Christians and Muslims

Over recent months, I've received an email several times about an Islamic prayer day scheduled for Washington DC in September 2009. The email, like much of the Internet rhetoric theses days, seems to border on hysteria, is based on very little fact, and seems more intended to discredit the faith and beliefs of the current President of the United States than anything else. My bottom line opinion about the event -- much ado about nothing. I've visited their website and to date they have 3 sponsors; all of them are from the local New Jersey area. I suspect this will look a lot like the Million Man March held some years back and will be sparsely attended. That said, there are some things about this that do concern me both from a religious and constitutional perspective.

What concerns me the most is the attitude so many Christians have taken toward people that need to hear about Jesus and eternal salvation offered through him. As a Christian nation we are ignoring the opportunity afforded us to witness to the Islamic nation. Rather than seeing these people as lost souls eternally separated from God, we are choosing to polarize along political boundaries, alienate them as a nation and as a people, essentially consigning them hell without regard to our commission to spread the gospel to all the world.

Further, there seems to be a tendency on the part of conservative Christians to shy away from and in some cases run from people of Muslim faith in fear. By so doing we essentially undermine the power we claim to have through Christ to overcome false teachings. I have dear friends from my days in academia that are Muslim who have witnessed my life as a Christian and commented on it. I've used that opportunity to open a small portal through which they might learn the truth. To shy away or rebuke them for what they have believed is wrong and counter to life's illustration given us by Jesus in dealing with the Samaritan woman at the well. Among perhaps my strongest beliefs to develop over the past years is this: we will never hate someone (including Muslims) to the cross and I affirm that without reservation or hesitancy.

The other significant concern has to do with how much of the Constitution we are willing to discard. While we were a nation founded primarily by groups seeking religious freedom from the Anglican Church of England, that is often oversimplified. It is important to note Roger Miller, one of our Baptist founders (http://en.wikipedia.org/wiki/Roger_Williams_(theologian), was so much at odds with other religious group he had to move to Rhode Island to find a place to worship as he saw appropriate.
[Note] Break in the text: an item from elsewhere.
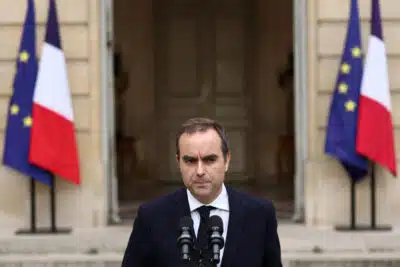 Sébastian Lecornu renuncia como Primeiro-Ministro da França após polêmica decisão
Additionally, the framers of the Constitution were so concerned that any religion should rise to a level where it became the 'official' church of the government, they provided for the separation of the two entities. If we, as Christians, expect to be free to exercise our faith without governmental oversight, then we are compelled to allow others to do the same.

For me, it comes to this, I want the freedom to speak the truth about Christ. If doing so allows another to speak against Him, then so be it; ultimately, through the power of Christ, my truth will prevail over their fallacies.

1 comment:

On A Roll said...

Thanks for the reminder! How quickly we can cloak ourselves with self-righteousness that we repel the very ones we should be drawing. It is love that draws us to Christ and ultimately all that come to Him. I pray God forgive me if ever I have draped my Christianity over my shoulder like a banner for the elite!